> [What the exercise asks] Your task is to repeat exactly the lines below between the line holding "Short Oval Abstract Pink Orange Black White Short" and the line holding "[bizarre_railroads4146.jpg]", inclusive, and only those.

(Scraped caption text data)

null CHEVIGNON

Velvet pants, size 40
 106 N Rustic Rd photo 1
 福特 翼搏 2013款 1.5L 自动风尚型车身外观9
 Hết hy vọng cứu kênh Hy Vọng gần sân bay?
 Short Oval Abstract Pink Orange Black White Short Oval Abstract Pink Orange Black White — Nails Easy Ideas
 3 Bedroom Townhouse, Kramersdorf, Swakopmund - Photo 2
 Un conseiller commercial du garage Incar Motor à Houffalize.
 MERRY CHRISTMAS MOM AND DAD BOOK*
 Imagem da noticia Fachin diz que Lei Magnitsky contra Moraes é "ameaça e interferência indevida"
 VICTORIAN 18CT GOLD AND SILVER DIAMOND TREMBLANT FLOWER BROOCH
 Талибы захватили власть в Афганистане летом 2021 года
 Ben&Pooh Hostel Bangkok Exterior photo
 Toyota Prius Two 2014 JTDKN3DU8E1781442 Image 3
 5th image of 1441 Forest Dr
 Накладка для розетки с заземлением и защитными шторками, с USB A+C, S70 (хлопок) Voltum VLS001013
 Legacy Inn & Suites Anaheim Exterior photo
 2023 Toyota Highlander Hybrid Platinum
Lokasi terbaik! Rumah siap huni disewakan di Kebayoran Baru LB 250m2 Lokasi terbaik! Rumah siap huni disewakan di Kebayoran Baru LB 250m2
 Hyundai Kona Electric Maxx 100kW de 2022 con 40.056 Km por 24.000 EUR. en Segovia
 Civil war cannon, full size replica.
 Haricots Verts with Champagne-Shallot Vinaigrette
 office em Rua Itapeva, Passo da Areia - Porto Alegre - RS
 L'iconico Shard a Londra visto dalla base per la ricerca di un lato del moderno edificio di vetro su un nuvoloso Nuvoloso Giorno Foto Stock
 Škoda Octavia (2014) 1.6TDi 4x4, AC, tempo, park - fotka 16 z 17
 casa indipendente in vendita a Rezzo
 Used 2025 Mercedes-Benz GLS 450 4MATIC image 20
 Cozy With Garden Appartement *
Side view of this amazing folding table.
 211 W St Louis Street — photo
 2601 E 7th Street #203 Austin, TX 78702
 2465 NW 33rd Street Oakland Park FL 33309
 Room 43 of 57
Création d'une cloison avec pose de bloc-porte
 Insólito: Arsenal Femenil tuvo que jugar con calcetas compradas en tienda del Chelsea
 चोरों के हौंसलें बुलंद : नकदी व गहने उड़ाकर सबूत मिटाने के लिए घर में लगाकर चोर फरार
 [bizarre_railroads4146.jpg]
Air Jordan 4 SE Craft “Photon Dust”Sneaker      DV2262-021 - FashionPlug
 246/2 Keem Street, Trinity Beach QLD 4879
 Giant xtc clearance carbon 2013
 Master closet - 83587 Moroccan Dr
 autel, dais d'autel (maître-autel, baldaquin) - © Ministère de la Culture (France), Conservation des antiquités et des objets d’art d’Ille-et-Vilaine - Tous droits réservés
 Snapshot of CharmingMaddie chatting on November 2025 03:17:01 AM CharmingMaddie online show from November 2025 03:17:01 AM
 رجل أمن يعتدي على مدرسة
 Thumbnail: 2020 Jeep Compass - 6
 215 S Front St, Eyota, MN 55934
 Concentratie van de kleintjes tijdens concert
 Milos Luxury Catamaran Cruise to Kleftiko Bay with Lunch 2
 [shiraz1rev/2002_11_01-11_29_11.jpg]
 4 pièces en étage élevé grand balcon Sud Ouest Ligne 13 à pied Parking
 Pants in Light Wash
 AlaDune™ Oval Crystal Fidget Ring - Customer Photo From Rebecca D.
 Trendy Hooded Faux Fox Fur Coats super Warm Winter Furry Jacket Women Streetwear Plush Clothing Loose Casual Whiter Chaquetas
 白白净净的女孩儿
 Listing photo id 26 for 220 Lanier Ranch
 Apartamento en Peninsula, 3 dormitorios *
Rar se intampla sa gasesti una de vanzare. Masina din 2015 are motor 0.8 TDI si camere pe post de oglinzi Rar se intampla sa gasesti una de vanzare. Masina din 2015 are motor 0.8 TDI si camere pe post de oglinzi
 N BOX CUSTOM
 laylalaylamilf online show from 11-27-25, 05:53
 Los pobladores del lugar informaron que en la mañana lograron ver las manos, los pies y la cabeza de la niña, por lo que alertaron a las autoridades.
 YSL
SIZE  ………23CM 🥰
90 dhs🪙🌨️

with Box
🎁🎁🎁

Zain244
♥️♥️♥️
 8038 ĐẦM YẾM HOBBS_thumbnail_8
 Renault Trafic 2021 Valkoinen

> [Solution]
 Short Oval Abstract Pink Orange Black White Short Oval Abstract Pink Orange Black White — Nails Easy Ideas
 3 Bedroom Townhouse, Kramersdorf, Swakopmund - Photo 2
 Un conseiller commercial du garage Incar Motor à Houffalize.
 MERRY CHRISTMAS MOM AND DAD BOOK*
 Imagem da noticia Fachin diz que Lei Magnitsky contra Moraes é "ameaça e interferência indevida"
 VICTORIAN 18CT GOLD AND SILVER DIAMOND TREMBLANT FLOWER BROOCH
 Талибы захватили власть в Афганистане летом 2021 года
 Ben&Pooh Hostel Bangkok Exterior photo
 Toyota Prius Two 2014 JTDKN3DU8E1781442 Image 3
 5th image of 1441 Forest Dr
 Накладка для розетки с заземлением и защитными шторками, с USB A+C, S70 (хлопок) Voltum VLS001013
 Legacy Inn & Suites Anaheim Exterior photo
 2023 Toyota Highlander Hybrid Platinum
Lokasi terbaik! Rumah siap huni disewakan di Kebayoran Baru LB 250m2 Lokasi terbaik! Rumah siap huni disewakan di Kebayoran Baru LB 250m2
 Hyundai Kona Electric Maxx 100kW de 2022 con 40.056 Km por 24.000 EUR. en Segovia
 Civil war cannon, full size replica.
 Haricots Verts with Champagne-Shallot Vinaigrette
 office em Rua Itapeva, Passo da Areia - Porto Alegre - RS
 L'iconico Shard a Londra visto dalla base per la ricerca di un lato del moderno edificio di vetro su un nuvoloso Nuvoloso Giorno Foto Stock
 Škoda Octavia (2014) 1.6TDi 4x4, AC, tempo, park - fotka 16 z 17
 casa indipendente in vendita a Rezzo
 Used 2025 Mercedes-Benz GLS 450 4MATIC image 20
 Cozy With Garden Appartement *
Side view of this amazing folding table.
 211 W St Louis Street — photo
 2601 E 7th Street #203 Austin, TX 78702
 2465 NW 33rd Street Oakland Park FL 33309
 Room 43 of 57
Création d'une cloison avec pose de bloc-porte
 Insólito: Arsenal Femenil tuvo que jugar con calcetas compradas en tienda del Chelsea
 चोरों के हौंसलें बुलंद : नकदी व गहने उड़ाकर सबूत मिटाने के लिए घर में लगाकर चोर फरार
 [bizarre_railroads4146.jpg]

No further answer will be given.